王學斌
1920年秋季開學之際,北大代理校長蔣夢麟不無沮喪地向全校師生宣布,學校近來出現頗為嚴重之經費困難。由于北京政府的財政撥款遲遲不到位,北大日常運營所需居然要靠四處賒賬,倘若“長久不付錢,下次就賒不動”,“譬如電燈、電話、自來水,不能欠錢太多,欠了太多,電和水就不來了,電話也要叫不通了!”臨近中秋節,因建筑公司的欠款催逼甚急,蔣索性逃到了西山躲債。堂堂一校之長,竟落得如此狼狽,這在今人看來,殊堪發笑。
然而隨著時局之日益惡化,政治動蕩、軍費激增,與之形成鮮明對照,非但北大,京城其他各大高校的經濟狀況可謂俱跌至谷底,情形已絕非一個“笑話”可輕松帶過。至1926年,各高校教授們已至忍耐之極限,據《申報》載:“所有債主,陸續而至,教職員個人方面,大多數亦俱以薪水積欠過巨,典質一空,不克維持其生活……事實上,學校暨個人兩方面,已到山窮水盡之際,負債累累,至少非有一個月之經費,不能應付。”
魯迅1920年時年薪被拖欠3個月,次年被拖欠半年,到了1926年,他已干脆不于日記里細算這筆糊涂賬。
沒有最慘,只有更慘。后起之秀顧頡剛此時之窘境談得上是山窮水盡。這一年其“在兩個多月之中只領到一個月的一成五厘,而且不知道再領幾成時要在哪一月。友朋相見,大家只有皺眉嗟嘆,或者竟要淚隨聲下!”年初,北大仍無法按時發薪,顧兼職的孔德學校也“亦僅半薪”,無奈之下,他只得請北大研究所國學門主任沈兼士向學校借了88元,“可還許多小債”。然此終非長久之計,由于不能拿著白花花的大洋回來,顧在家中地位亦一落千丈,妻子時常面露“不懌之色,萃面盎背”。
窮則思變,一些教職工開始“逃荒”。所謂“逃荒”,實另謀高就之意。恰好廈門大學剛剛新設的國學院,正摩拳擦掌,欲招兵買馬。
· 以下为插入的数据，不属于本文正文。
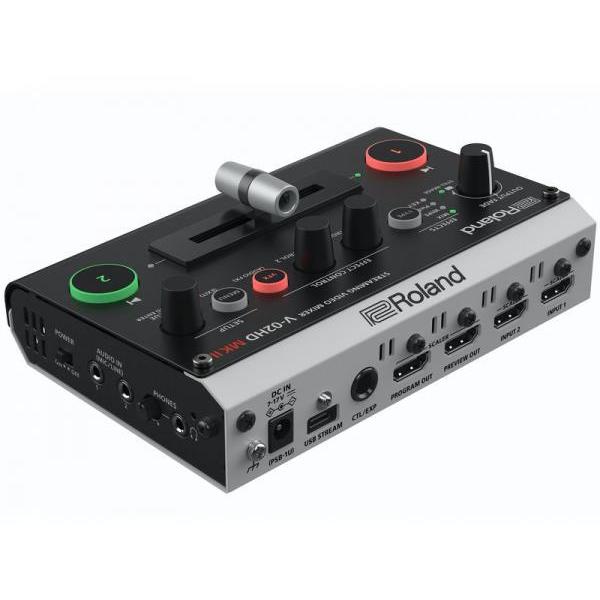 Roland V-02HD MK II ストリーミングビデオミキサー Roland V-02HD MK II ストリーミングビデオミキサー｜映像機材の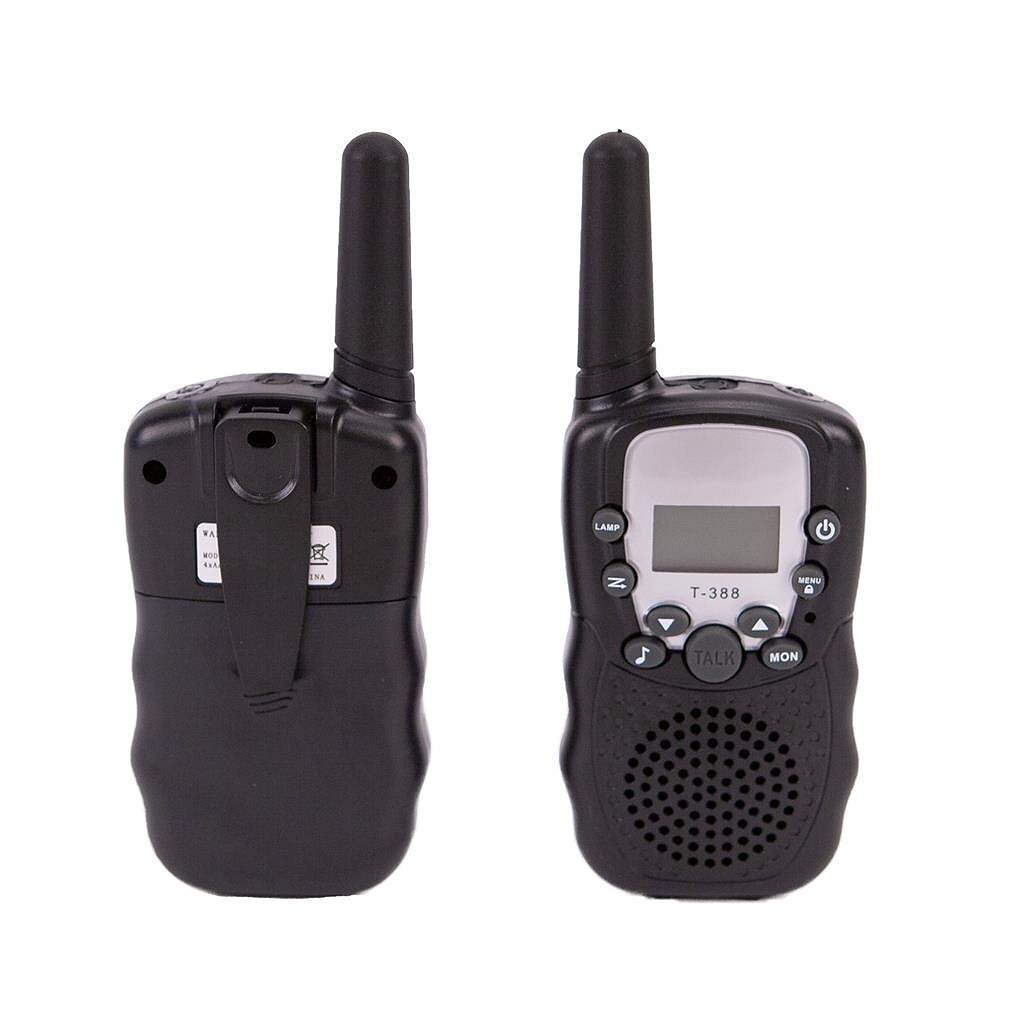 Grundlæggende videnskabeligt eksperiment T-388 walkie talkie + lys sort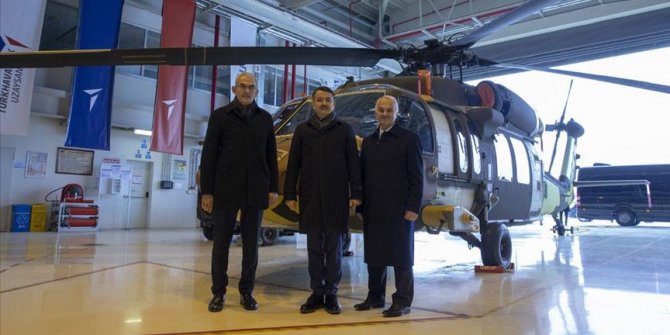 Orman yangınlarıyla mücadelede yerli helikopter atağı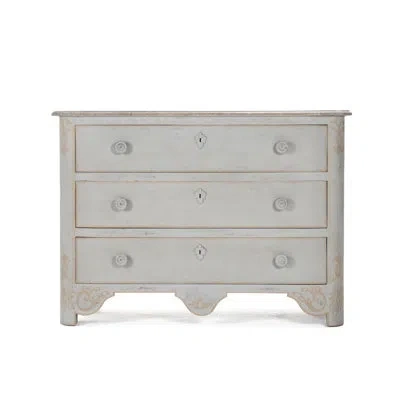 Zentique 3 Drawer Standard Dresser In Gray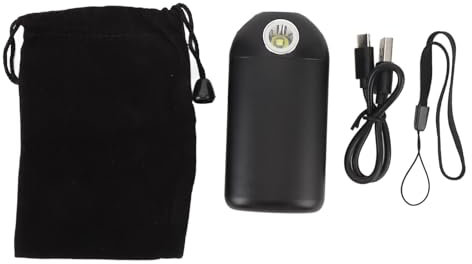 Handwärmer Mobile Power Bank 5000mAh USB wiederaufladbare Outdoor -Handwärmer tragbare Taschenheizung mit Taschenlampe für Outdoor Camping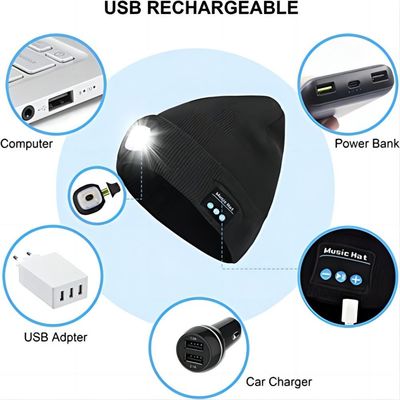Sombrero de 4 del LED del faro auriculares de Bluetooth con los regalos de cumpleaños inalámbricos de los auriculares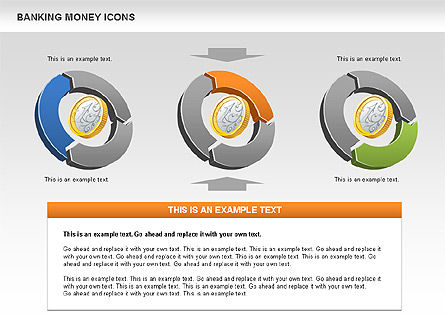 Schéma du cycle financier, Diapositive 6, 00522, Diagrammes circulaires — PoweredTemplate.com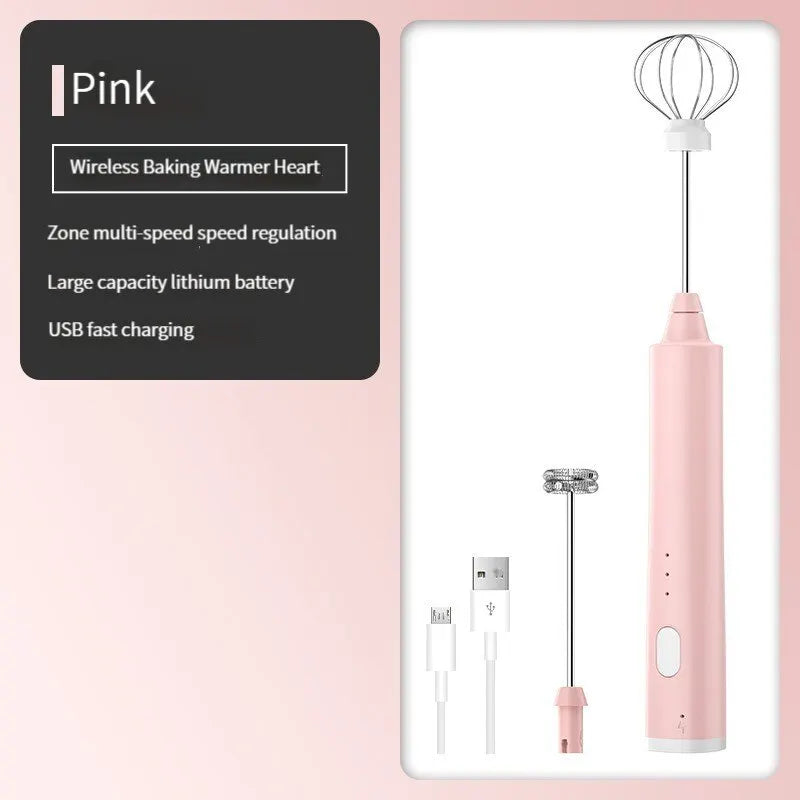 Rechargeable Electric Milk Frother & Handheld Mixer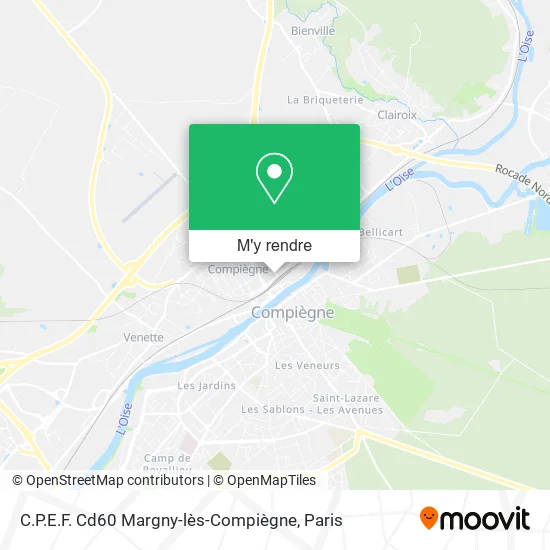 C.P.E.F. Cd60 Margny-lès-Compiègne plan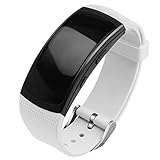 OenFoto Compatible Gear Fit2 Pro/Fit2 Band, Replacement Silicone Accessories Strap Samsung Gear Fit2 Pro SM-R365/Gear Fit2 SM-R360 Smartwatch -White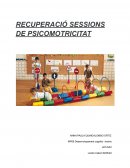 RECUPERACIÓ SESSIONS DE PSICOMOTRICITAT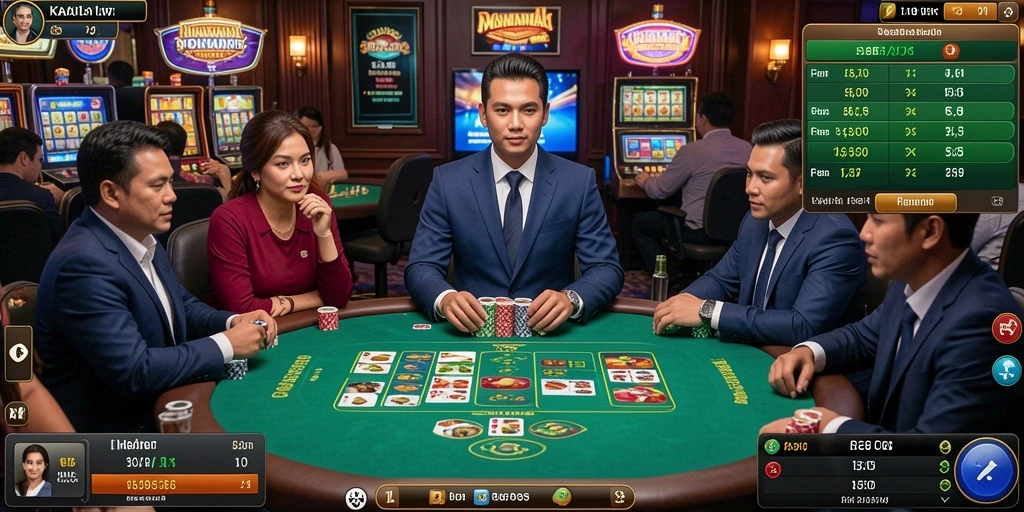 Tampilan antarmuka utama game PENITI4D.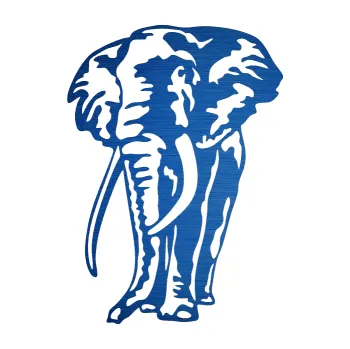 Samolepící dekorace SAMOLEPKA Slon 025 levá (65 - škrábaný kov modrý) NA AUTO, NÁLEPKA, FÓLIE, POLEP, TUNING, VLASTNÍ TEXT, TISK, AUTOSAMOLEPKY.cz, POLEPY, OBRÁZEK, LOGO, SAMOLEPKY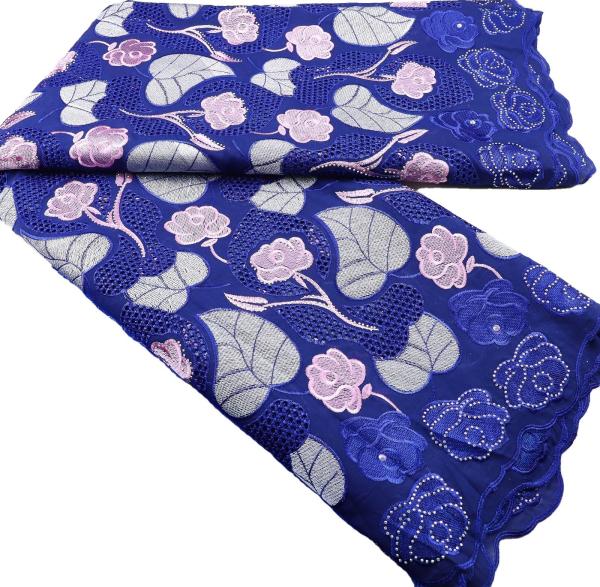 2023 Newest design swiss voile lace good quality swiss voile cotton lace fabric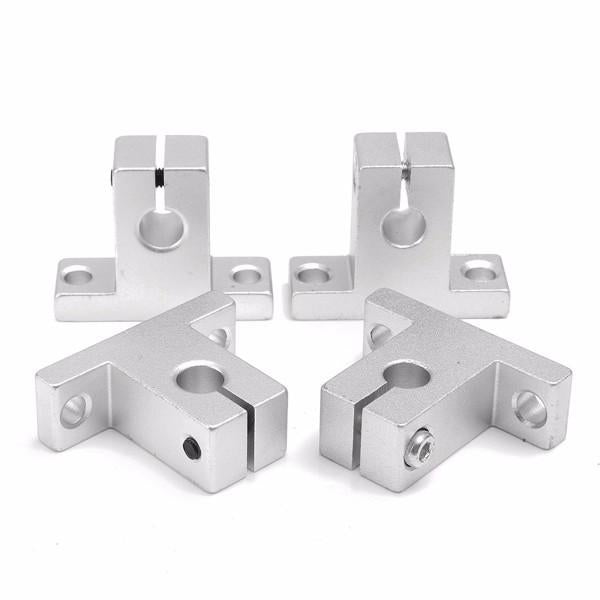 15pcs 200mm Optical Axis Guide Bearing Housings Aluminum Rail Shaft Support Screws Set CNC Parts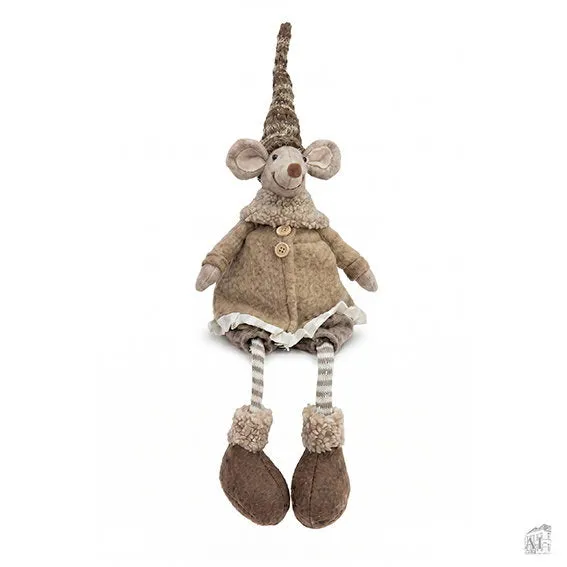 Det Gamle Apotek Mouse figurka hnědá polyester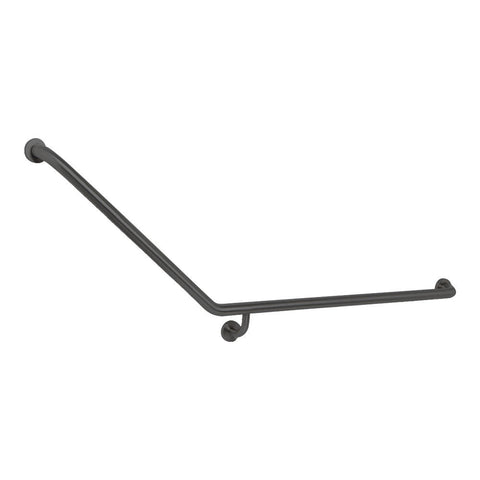 Argent Advantage 140 Degree Grab Rail 870x700mm (Right Hand) Matte Black 427087RHMB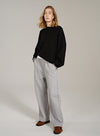 Asymmetric Hem Wool Sweater
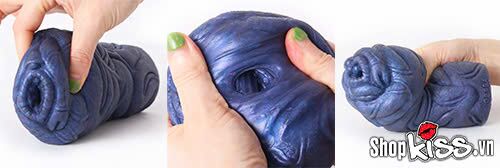 Chất liệu silicone y tế mềm mại và đàn hồi của âm đạo giả FAAK hậu môn bò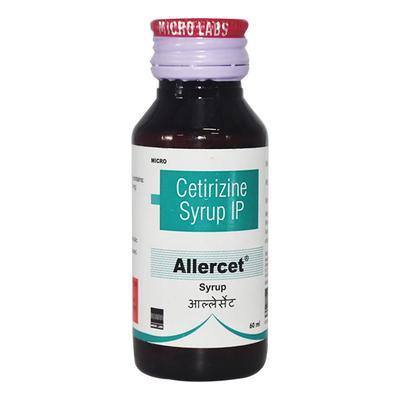 Allercet Syrup 60ml - Allergies-Ant
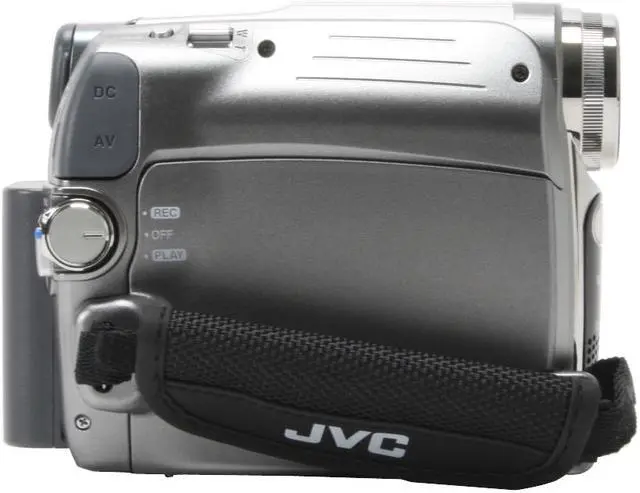 Alt view image 7 of 13 - JVC GR-D770 Silver 2.7" LCD 34X Optical Zoom Digital Camcorder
已從北大調往廈大任教的林語堂,以文科學長的職務,利用原來的人脈關系,向往日那些苦于衣食無著、提心吊膽的北大國學門老同事們拋出橄欖枝。林經過廣泛聯絡,且其開出的待遇也足夠誘人,以北大國學門主任沈兼士為首,包括顧頡剛、張星烺、林萬里、孫伏園、章廷謙等人集體南下,魯迅也跟隨其中。
廣東中山大學亦從這股學人南下潮流中獲益匪淺。1927年中大公布了一份文史學科教授名單,原在北平任教的傅斯年、江紹原、馮文潛、俞平伯、趙元任等人赫然在列。
1928年夏,國民政府籌建國立武漢大學,時任南京國民政府大學院院長的蔡元培指派劉樹杞、李四光、王星拱、周鯁生、麥煥章、黃建中、曾昭安、任凱南八人為籌備委員,其中李、王、周俱是南下的北大教授。
這一批學術候鳥們集體向南遷徒,勢必帶動了南方學術之發展,遂扭轉了民初以來南北文化格局發展的不平衡,南方學界的活力與影響力大為提升。